Pros and Cons of Fostering a Dog

My boyfriend and I love dogs - we’re, like, obsessed. We have two of our own that we brought together when we moved in with each other. We always talk about getting more, but we travel so much that we don’t have the capability to get another one. This past winter, a shelter called Diamonds in the Ruff based in Union City, TN, posted about having too many dogs but not enough shelter. They wanted foster parents for some of the dogs during winter so that they would have a warm home. We thought this was a great compromise for wanting a new dog, and we would be helping out at the same time. We soon learned that everything wasn’t as easy at it seemed. Before you decide to foster a dog, here are some pros and cons that I feel people need to know.

Pro: Everything is paid for.

When we started fostering with Diamonds in the Ruff, they gave us dog food for our foster pet. They paid for her vet bills when we needed to take her. They even met us halfway to bring her to us. I would look into the shelter you want to foster through. If they help pay for a lot of the things, then that is a big pro.

Con: Dogs aren’t always trained.

Our foster, Arabella, was very shy. She loved meeting new people, but she would run away if you startled her. You couldn’t raise your voice around her or make a loud noise, or else she would run back to her safe space. She was not house trained.

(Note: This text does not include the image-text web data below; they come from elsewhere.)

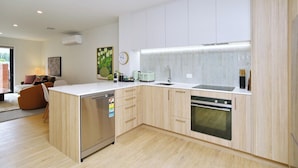 A modern kitchen with a dishwasher, oven, and a sink. There is a dining area with a couch and a coffee table. - Modern City Apartment with Style and Comfort (Christchurch)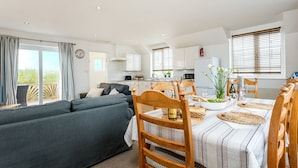 A modern living space with a dining area, a sofa, and a kitchen in the background. - Arnold Cottage is a perfect hideaway for couples, families, or small groups looking to unwind (St. Merryn, Treyarnon Bay)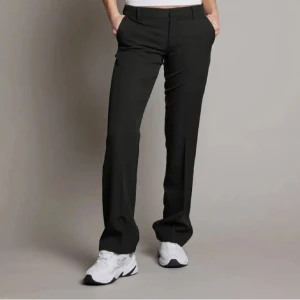 Svarta kostymbyxor - Snygga svarta kostymbyxor med en klassisk design. De har en rak passform och är perfekta för en stilren look. Byxorna har knappar och dragkedja framtill. Populärs vera low waist modellen💖 38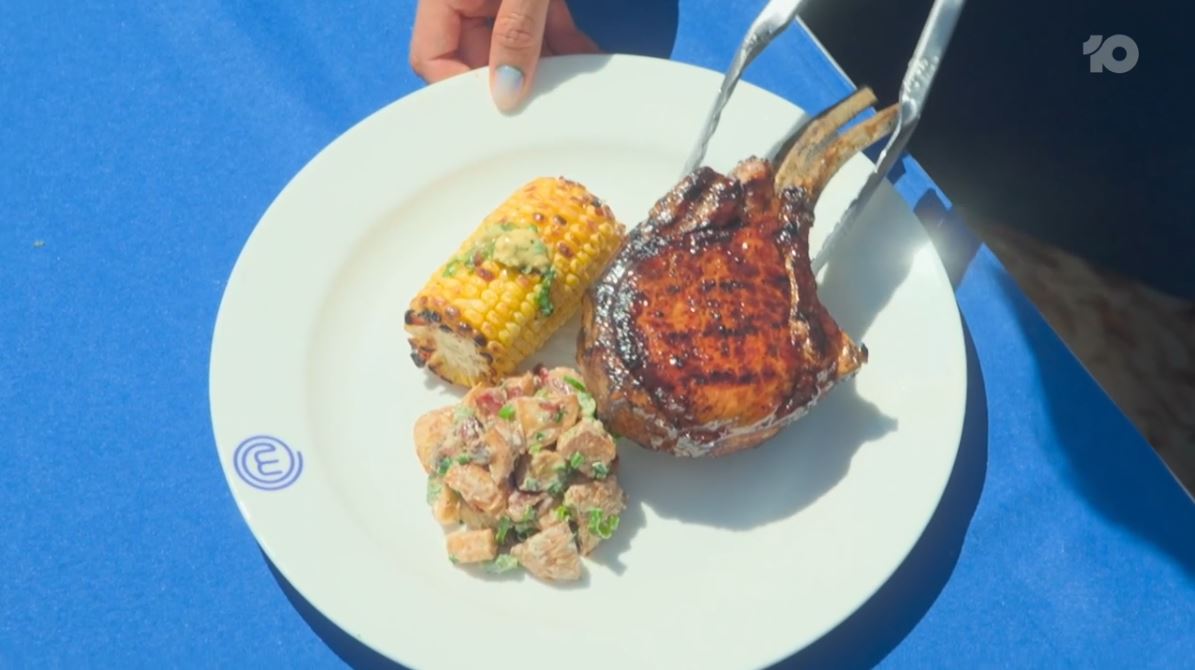 Plated meal featuring a grilled bone-in steak, roasted corn on the cob, and potato salad, with tongs holding the steak, set against a blue background.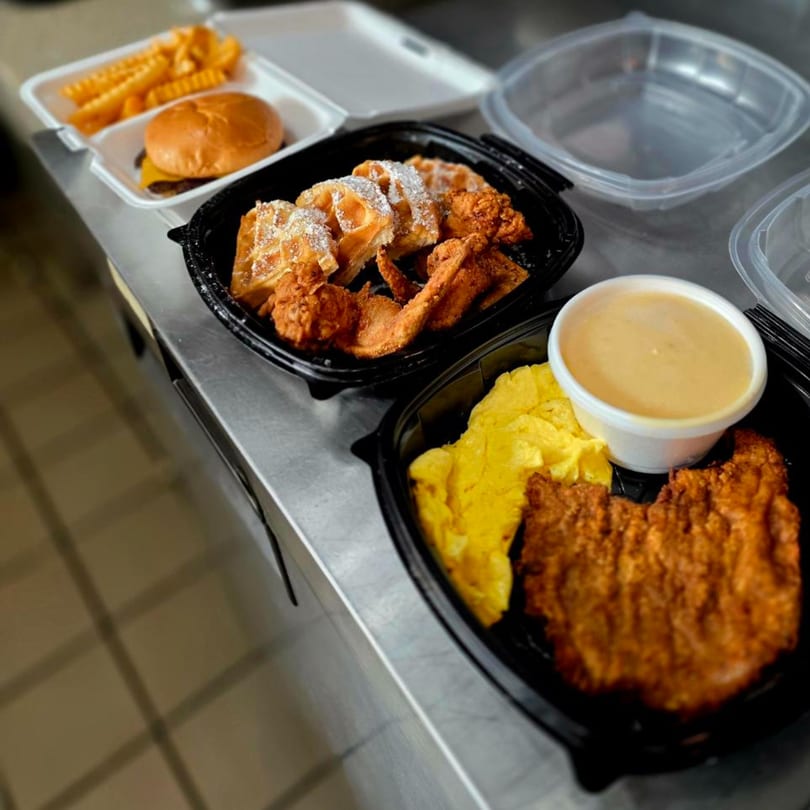 Southern Stop's fried chicken and waffles, burger and fries, and chicken fried steak with gravy.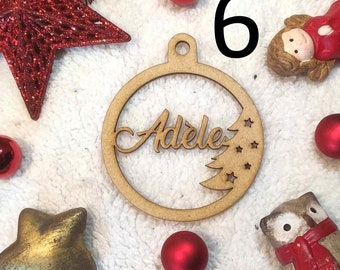 May include: A wooden Christmas bauble with the name "Adele" cut out, framed by a circle with a tree and stars. The number "6" is in the upper right corner. Red and gold Christmas decorations surround the bauble.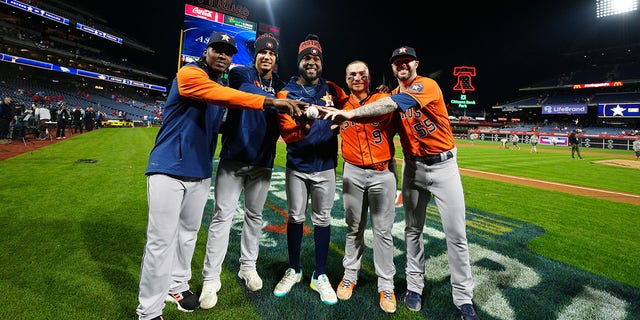 Rafael Montero, Bryan Abreu, Cristian Javier, Christian Vázquez and Ryan Pressly of the Houston Astros pose for a photo after their combined no-hitter against the Phillies in Game 4 of the 2022 World Series at Citizens Bank Park Nov. 2, 2022, in Philadelphia.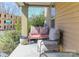 Cozy front porch with a sitting area with patterned pillows and a peaceful outdoor view at 1001 Parkwood Ave, Charlotte, NC 28205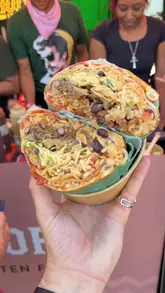 A creator at a music festival creates a 'pizza-wrapped burrito' by combining a burrito from Papi Chulo and a pizza from Freewheelin Pizza, showcasing the food preparation and the final indulgent result.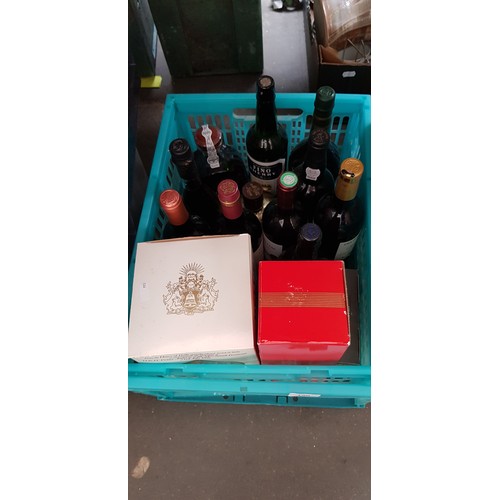 150 - A box of alcoholic beverages to includde VSOP brandy, a sealed Bell's decanter, sherry, port and win... 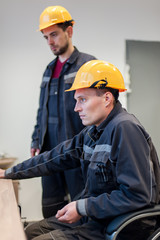 Two maintenance engineer work on relay protection system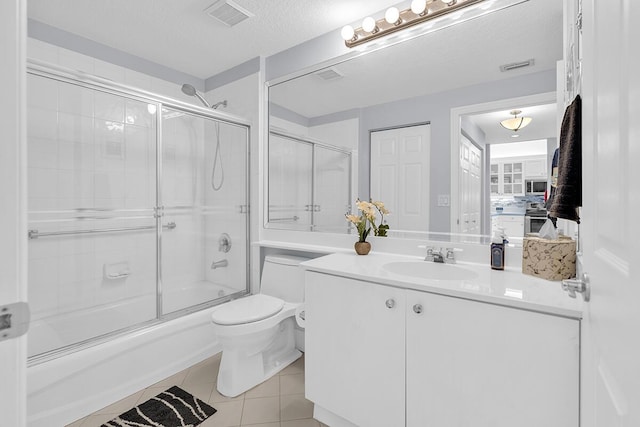 full bath featuring toilet, shower / bath combination with glass door, visible vents, and tile patterned floors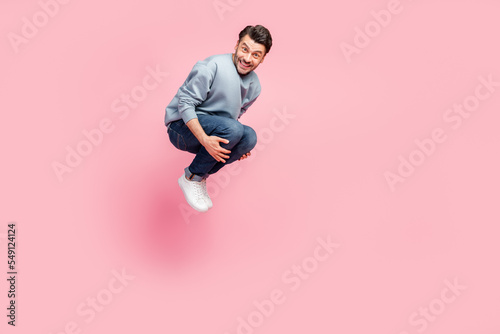 Full size photo of handsome young man jumping high bomb swimming pool copyspace wear stylish blue outfit isolated on pink color background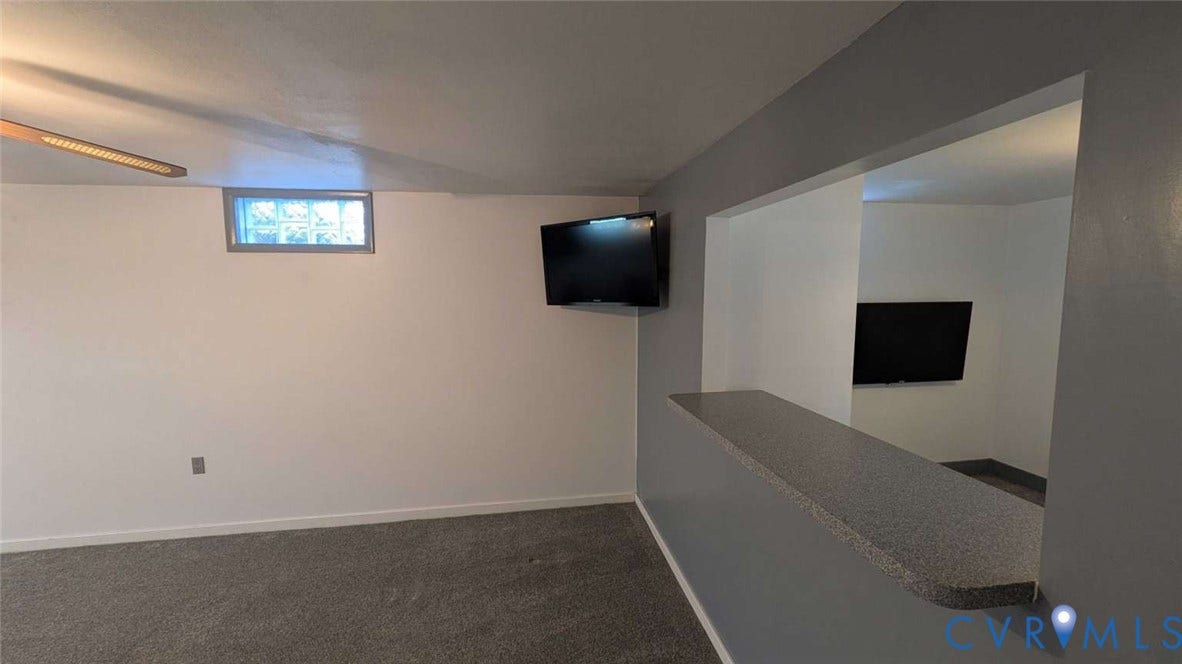 12853 Holly Lane, Manakin Sabot, VA 23103 Carpeted flooring, recessed window, and a pass-through counter with a stone-finish surface
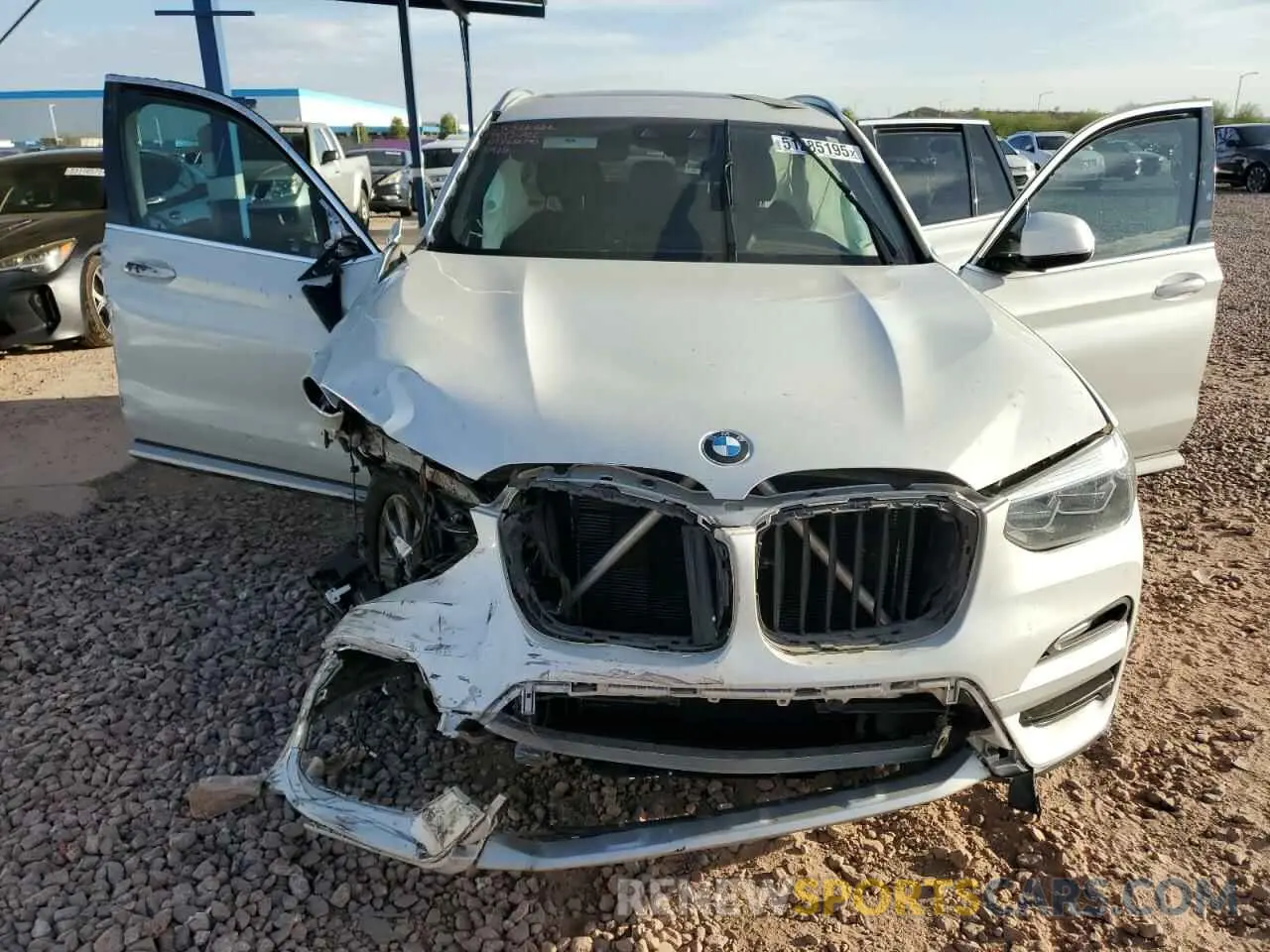 12 Photograph of a damaged car 5UXTR7C5XKLR45928 BMW X3 2019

She hated leashes and the outdoors. It took awhile to get used to because of how trained our dogs are, but you have to be patient. This might not be the case with every foster pet, but it is something you have to take into consideration. You won’t really know the personality of your pet until after they’re in your house.

Pro: You make a new friend.

Arabella was precious. She was a husky and loved talking when she saw you come home. She always had a smile on her face, and it brightened your day just to see it. Her bright blue eyes beamed when she saw a familiar face, and you get used to seeing them when you come home. Your foster pet will be in a home instead of a cage. They will get constant human interaction with you. If you don’t think you will make a new friend, you’re wrong.

Con: You don’t know their history.

We received Arabella a few weeks after the shelter did. They did run tests on her and gave her shots, but after we got her we found out she was sick. We took her to the vet, paid for by the shelter, and found out she had an upper respiratory infection. Unfortunately, that is very contagious with dogs. We had to keep her separated from our dogs to keep them from catching it. Nobody knew how she caught it because we didn’t know where she came from. She soon got better and got to join our other dogs, and everything was fine. Then, about a month later, she had puppies. We had no idea she was pregnant; neither did the shelter. Our case is a very rare and odd one. Fostering a pet doesn’t mean this will happen. However, since we don’t know the past of these animals, anything could happen.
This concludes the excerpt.